CHARLESTON, SC (WCSC) - A new study released Wednesday ranks South Carolina first in the nation for the number of women killed by men.
The study, "When Men Murder Women: An Analysis of 2011 Homicide Data," was released by the Violence Policy Center in Washington, DC.
61 females were murdered by males in South Carolina in 2011, a total of 2.54 per 100,000. This is more than twice the national per capita rate of 1.17 per 100,000.
Four of the female homicide victims were 18 years of age or younger, and the average homicide victim age was 38 years old. Of these victims, 22 were black, and 39 were white.

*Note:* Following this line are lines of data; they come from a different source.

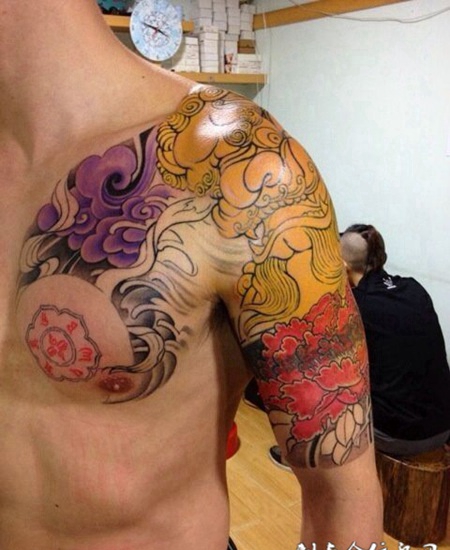 狮子头鲜花半甲纹身图案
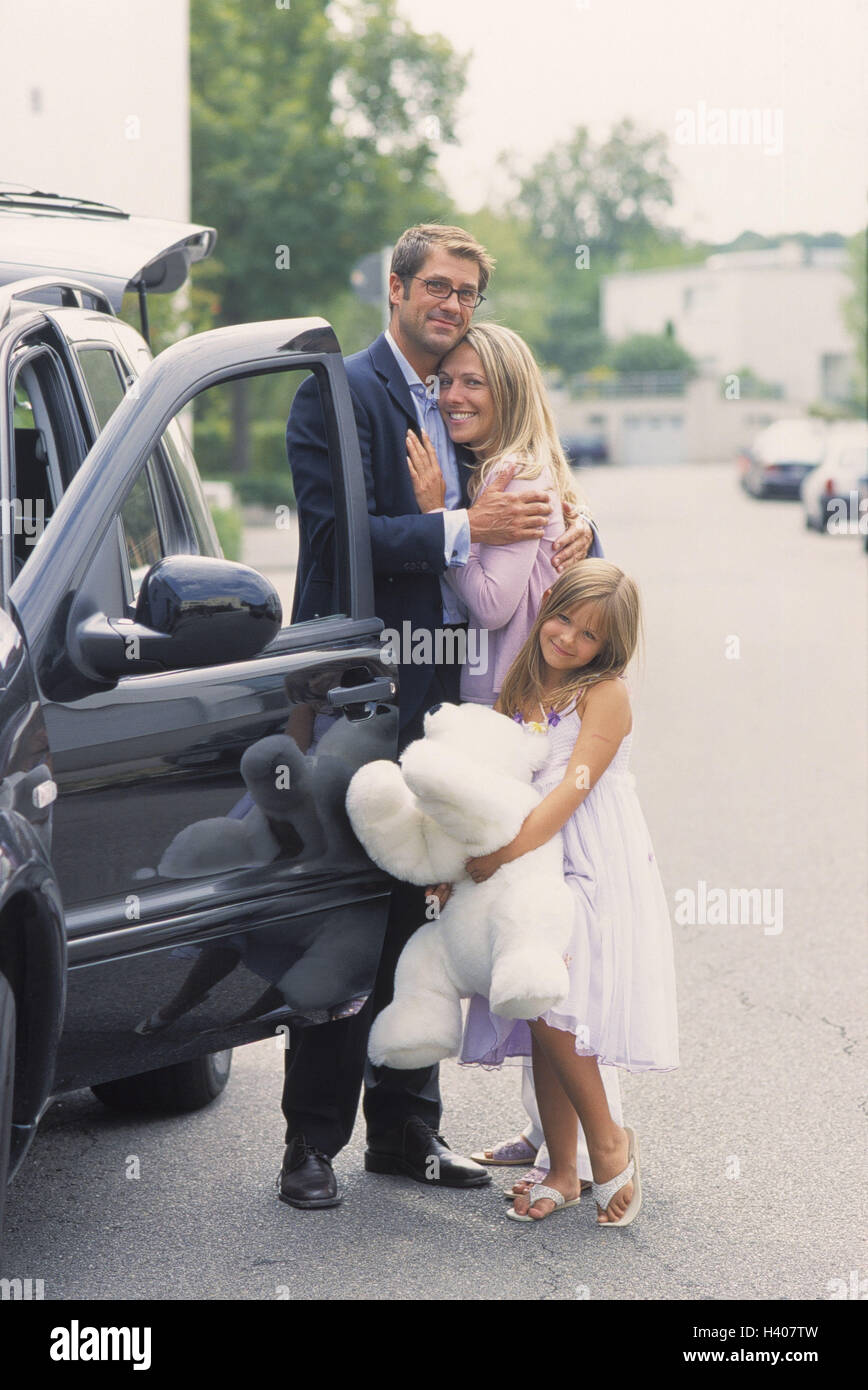 Auto, uomo, respingere, donna, bambino, occupazione, viaggio di lavoro, l'assenza, autovetture, driver, porta auto apertamente, padre, attivamente, pila, abbracciare il dado, abbracciare, magro, filiale, ragazza, giocattolo morbido, Teddy bear, partenza, dimissioni, partenza, arrivo homecom Foto Stock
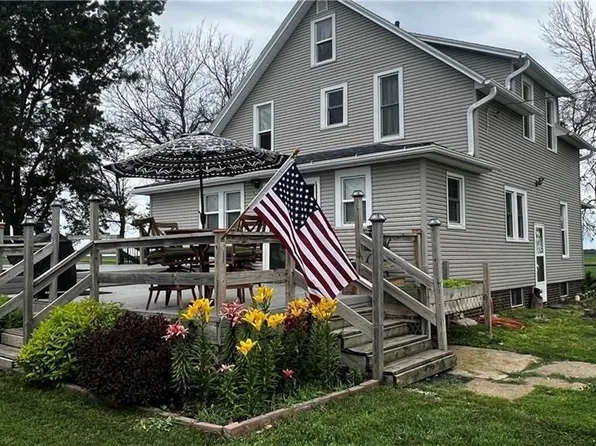 3514 Waukon Ave, Lohrville, IA 51453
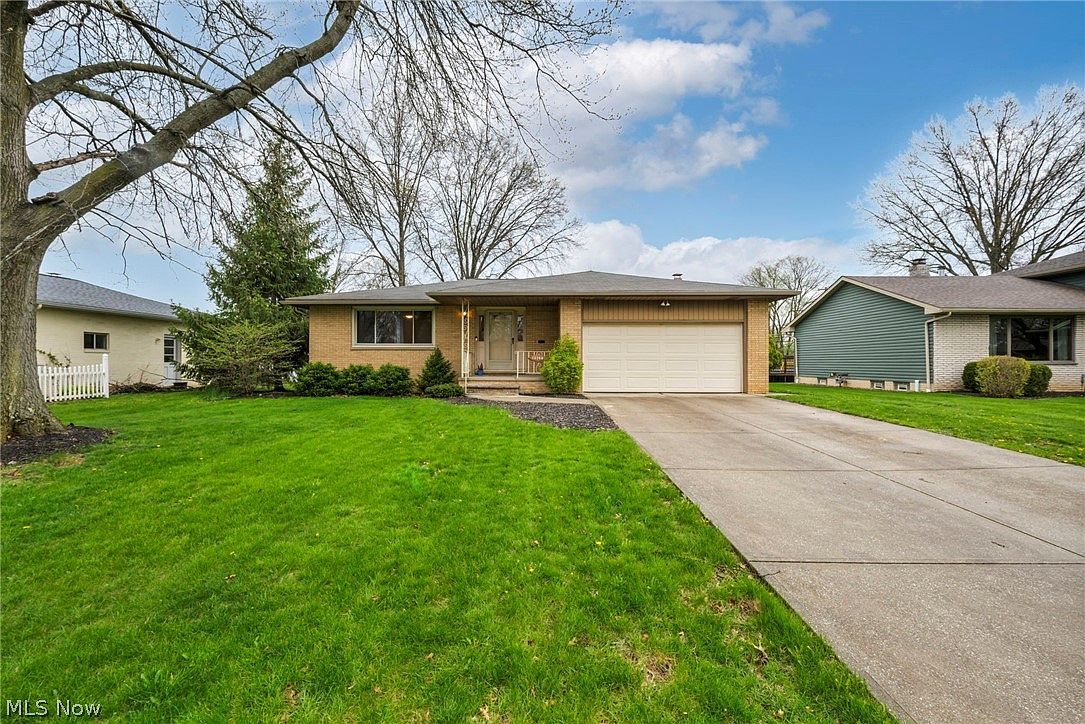 13700 Indian Creek Dr Middleburg Heights, OH 44130  | Single Family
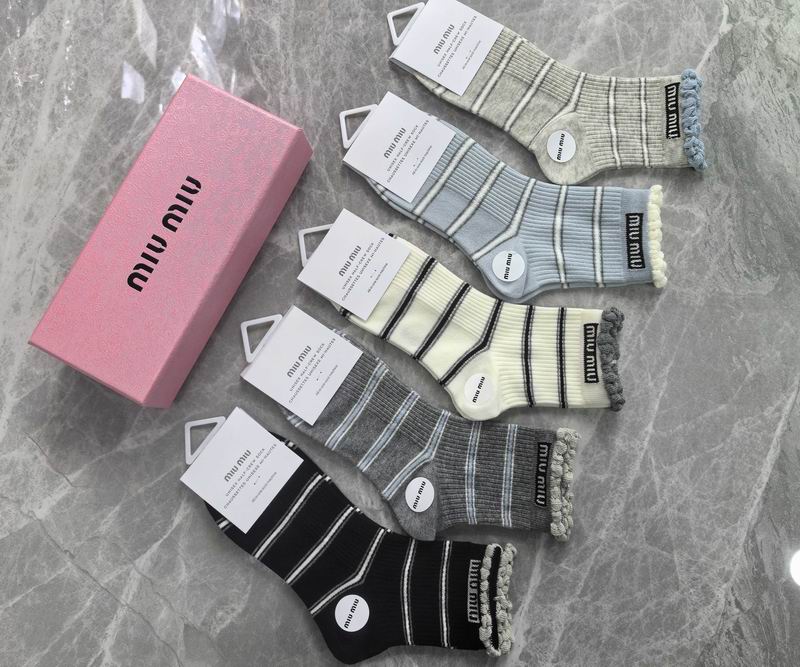 Miumiu socks QY (207)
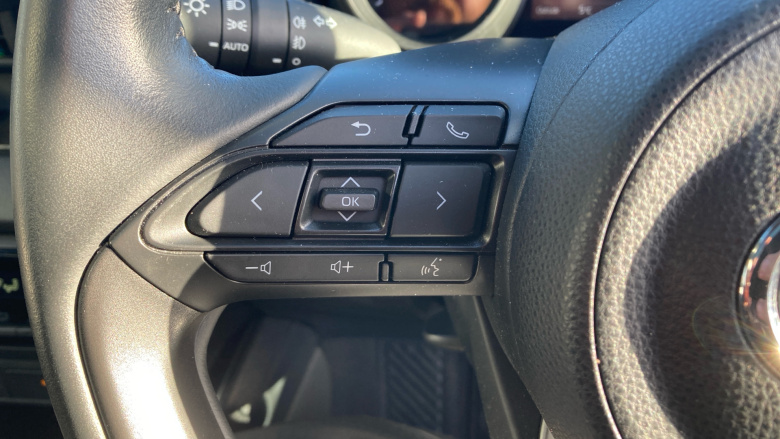 Toyota Yaris 1.5 Hybrid Design 5dr CVT Hybrid Hatchback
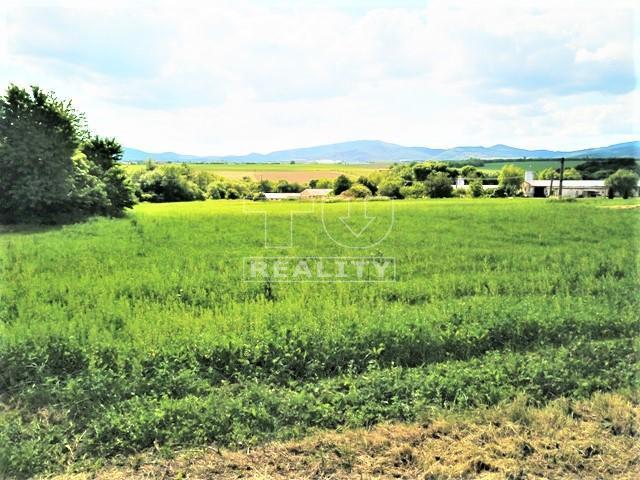 Stavebný pozemok v obci Tvrdomestice s rozlohou 1289m2 - 2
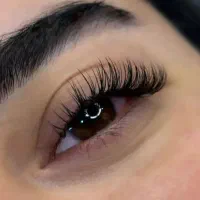 کاشت و اکستنشن مژه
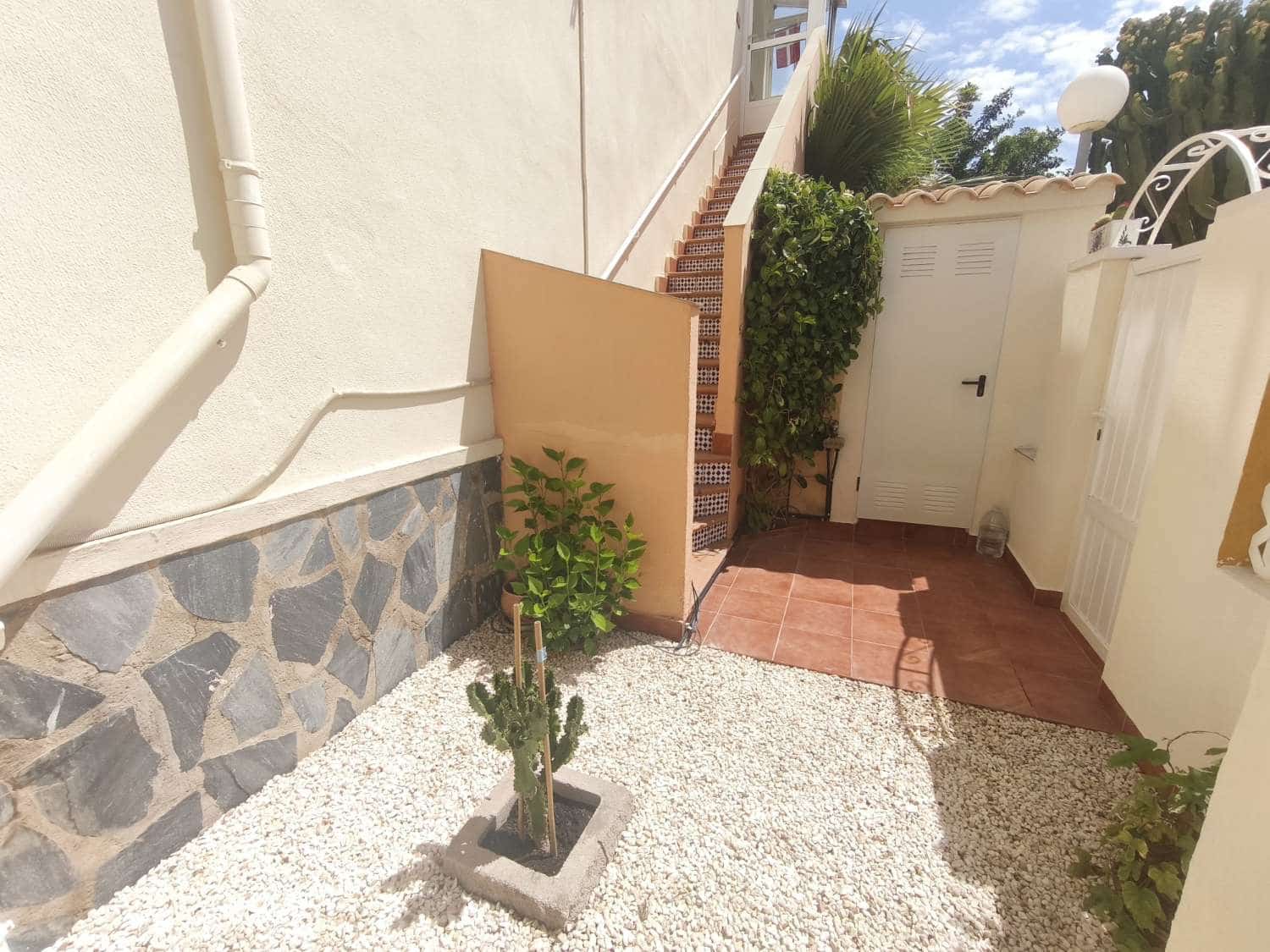2 bedroom Beach Apartment for sale in Orihuela - € 158,000 (Ref: 9830744)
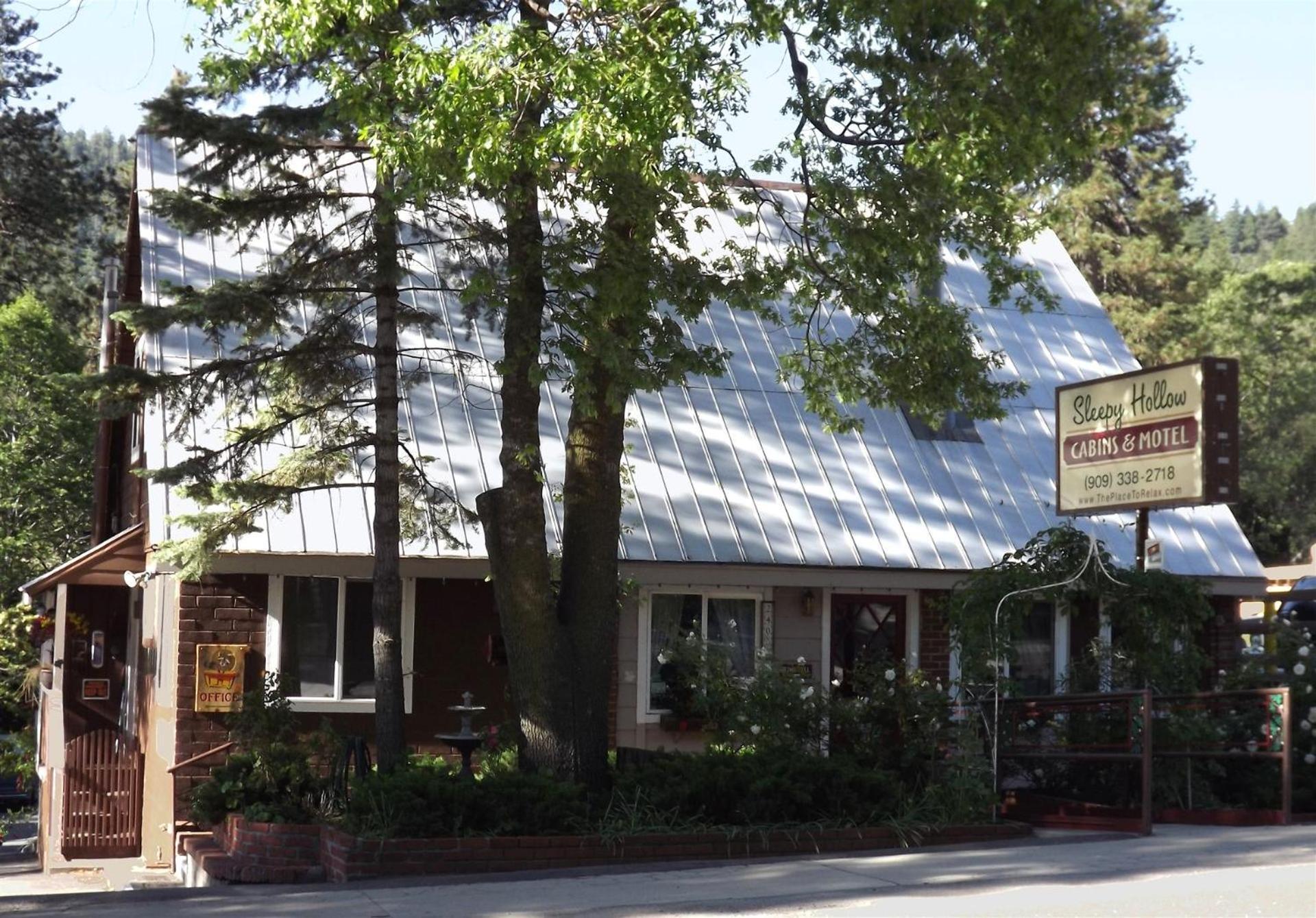 Sleepy Hollow Cabins And Hotel Crestline Екстериор снимка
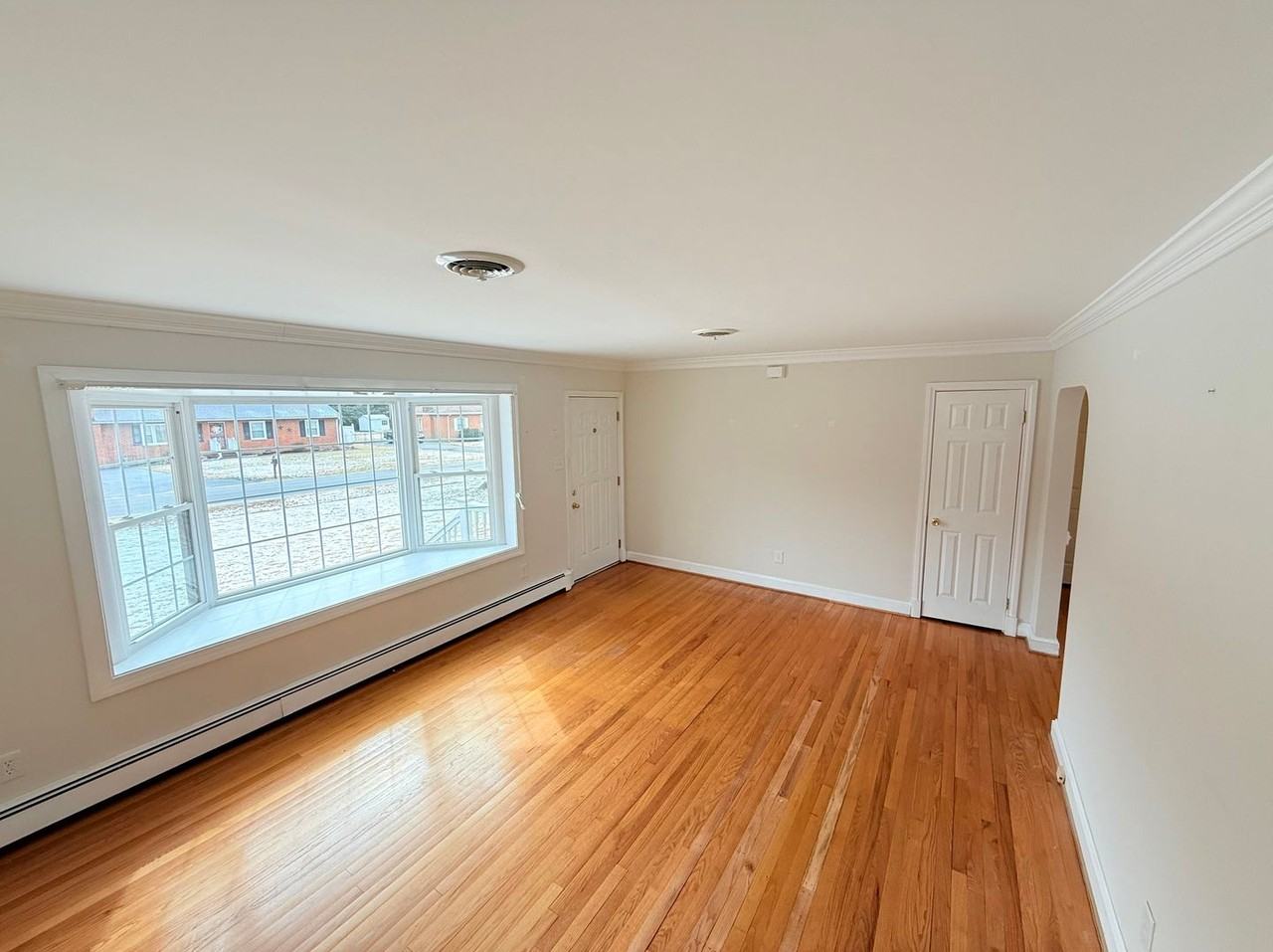 8276 Franklin Ln - Photo 6 of 23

For homicides in which the victim-to-offender relationship could be identified, 93% of reported homicides were committed by someone they knew. Of the homicide victims who knew their offenders, 63% were murdered by a male that was their husband, common-law-husband, ex-husband, boyfriend, or ex-boyfriend.
Of the female intimates murdered, 52% of these were killed with guns. South Carolina has been in the top 10 of women killed by men for the past 15 years, and this is the state's third time at the top spot in the nation. South Carolina was ranked second in the nation in 2010..
The announcement coincides with the beginning of Domestic Violence Awareness Month in the United States, which is recognized in every year in October.
"For the past ten years, South Carolina has consistently been ranked in the top ten states for the number of women killed by men; this is the third time we have been ranked number one. It is our hope that this report will be a call to action for the leadership of South Carolina and its citizens to recognize the seriousness of the problem in our state and begin to work collaboratively to find real solutions that improve the safety and lives of women in our state," says Colleen Campbell Bozard, Interim Executive Director of the South Carolina Coalition Against Domestic Violence and Sexual Assault.
The report is based on information obtained from the most recent Supplementary Homicide Report data submitted to the Federal Bureau of Investigation. The numbers for 2011 are the most recent statistics available, and the ranking is calculated according to the homicide rate per 100,000 people in the state.